Alexander Hamilton’s “executive packet” of The Federalist Papers (67-77) provides learned historical and comparative analyses of the Constitution of 1787 relative to the British system and to the systems of government in the several American states. Hamilton’s strong grasp of economics, history, and politics made him so prescient in characterizing the American presidency and predicting how executive power and urban manufacturing would develop in the United States. In Federalist 70, Hamilton articulated the doctrine of the unitary executive and “the necessity of an energetic executive.” Much to the chagrin and frustration of libertarians, he also argued, “energy in the executive is a leading character in the definition of good government.”

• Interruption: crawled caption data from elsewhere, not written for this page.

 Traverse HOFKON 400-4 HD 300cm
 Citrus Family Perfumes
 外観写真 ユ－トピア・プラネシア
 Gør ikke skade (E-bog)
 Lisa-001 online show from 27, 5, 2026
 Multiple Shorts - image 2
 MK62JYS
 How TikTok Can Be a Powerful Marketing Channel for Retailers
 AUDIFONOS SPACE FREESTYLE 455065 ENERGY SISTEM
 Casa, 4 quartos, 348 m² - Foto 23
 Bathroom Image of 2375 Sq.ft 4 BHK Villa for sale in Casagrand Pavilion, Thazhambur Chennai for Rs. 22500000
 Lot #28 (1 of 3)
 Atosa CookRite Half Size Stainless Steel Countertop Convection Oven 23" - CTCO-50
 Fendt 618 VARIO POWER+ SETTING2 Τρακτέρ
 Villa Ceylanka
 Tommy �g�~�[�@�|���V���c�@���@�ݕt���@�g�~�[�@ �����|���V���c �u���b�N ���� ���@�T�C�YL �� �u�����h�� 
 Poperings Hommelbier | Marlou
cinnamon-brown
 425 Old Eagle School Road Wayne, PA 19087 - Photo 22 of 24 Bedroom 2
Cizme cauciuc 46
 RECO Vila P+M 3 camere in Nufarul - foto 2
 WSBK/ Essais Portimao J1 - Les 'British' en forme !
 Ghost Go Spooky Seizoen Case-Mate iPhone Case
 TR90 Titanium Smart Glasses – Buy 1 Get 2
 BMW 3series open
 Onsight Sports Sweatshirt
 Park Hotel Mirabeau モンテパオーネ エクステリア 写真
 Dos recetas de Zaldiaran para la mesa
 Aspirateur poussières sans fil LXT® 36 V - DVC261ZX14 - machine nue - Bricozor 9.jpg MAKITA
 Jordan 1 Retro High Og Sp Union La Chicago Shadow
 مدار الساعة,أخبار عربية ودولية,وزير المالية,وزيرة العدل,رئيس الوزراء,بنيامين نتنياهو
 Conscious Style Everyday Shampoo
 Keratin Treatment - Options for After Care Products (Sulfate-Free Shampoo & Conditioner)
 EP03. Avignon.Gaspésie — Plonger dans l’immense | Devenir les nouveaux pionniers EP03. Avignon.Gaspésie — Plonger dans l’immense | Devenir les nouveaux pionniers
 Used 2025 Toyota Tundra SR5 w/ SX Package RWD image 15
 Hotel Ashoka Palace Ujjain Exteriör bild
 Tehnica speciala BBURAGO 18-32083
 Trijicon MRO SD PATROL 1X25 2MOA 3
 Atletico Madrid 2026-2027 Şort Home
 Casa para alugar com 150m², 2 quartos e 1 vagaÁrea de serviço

In Federalist 69, “The Real Character of the Executive,” Hamilton correctly differentiates between the adjournment, prorogation, and dissolution of a legislature by comparing the Constitution of 1787 and the powers of the President therein to the prerogative powers of the British Sovereign. (Incidentally, I think that some Canadian scholars could learn from Hamilton in properly differentiating prorogation and dissolution!)
However, I am even more impressed by Hamilton in Federalist 70. In his comparison of the unitary executive of the American presidency to the British Crown, he recommended that the United Kingdom adopt Responsible Government, which did eventually emerge there in the 1820s and 1830s. Hamilton even made his recommendation, or prediction, based on the correct rationale!
Alexander Hamilton declared:
In England, the King is a perpetual magistrate; and it is a maxim which has obtained for the sake of the public peace that he is unaccountable for his administration, and his person sacred. Nothing, therefore, can be wiser in that Kingdom, than to annex to the King a constitutional council, who may be responsible to the nation for the advice they give. Without this, there would be no responsibility whatever in the executive department – an idea inadmissible in a free government.
As the venerable Sir John George Bourinot explained in the 19th century, Responsible Government means that Ministers of the Crown (the Prime Minister and Cabinet) take responsibility for all acts of the Crown, which include expenditures proposed to Parliament and all policies enacted through Orders-in-Council and through the prerogative powers that Ministers exercise collectively or individually. By extension, Ministers of the Crown must also command the confidence of the Commons in order to govern. The Commons expresses its confidence by passing supply; withholding supply therefore amounts to a loss of confidence, after which the Prime Minister must either resign or advise the Governor General to dissolve Parliament.
Paul Benoit and Vernon Bogdanor have shown that Responsible Government originally emerged in order to preserve the infallibility and inviolability of the Sovereign and make it compatible with modern parliamentary government and the political independence of Cabinet, which would now govern not merely on the King’s whim, but based on whether it could command the confidence of the Commons. In the 20st century, this arrangement now also upholds the partisan neutrality of the Sovereign. In other words, the Sovereign can still do no wrong because he acts on and in accordance with the advice of his Ministers of the Crown, who take responsibility for all the acts of the Crown that the Sovereign promulgates. (Only under exceptional circumstances would the Sovereign reject ministerial advice). Hamilton demonstrated such prescience because he understood that any progress in the United Kingdom toward Responsible Government would necessarily have to incorporate and rein in royal infallibility.
For all these reasons, I consider Alexander Hamilton one of the most significant theoreticians of executive power in the history of the English-speaking world and vastly under-appreciated compared to that over-rated political Romantic Thomas Jefferson. I also suspect that Hamilton would have preferred responsible parliamentary government to presidentialism, if the former had existed in the 1780s, because it accommodates “energy in the executive” while ensuring that the executive remains accountable to parliament and to the people.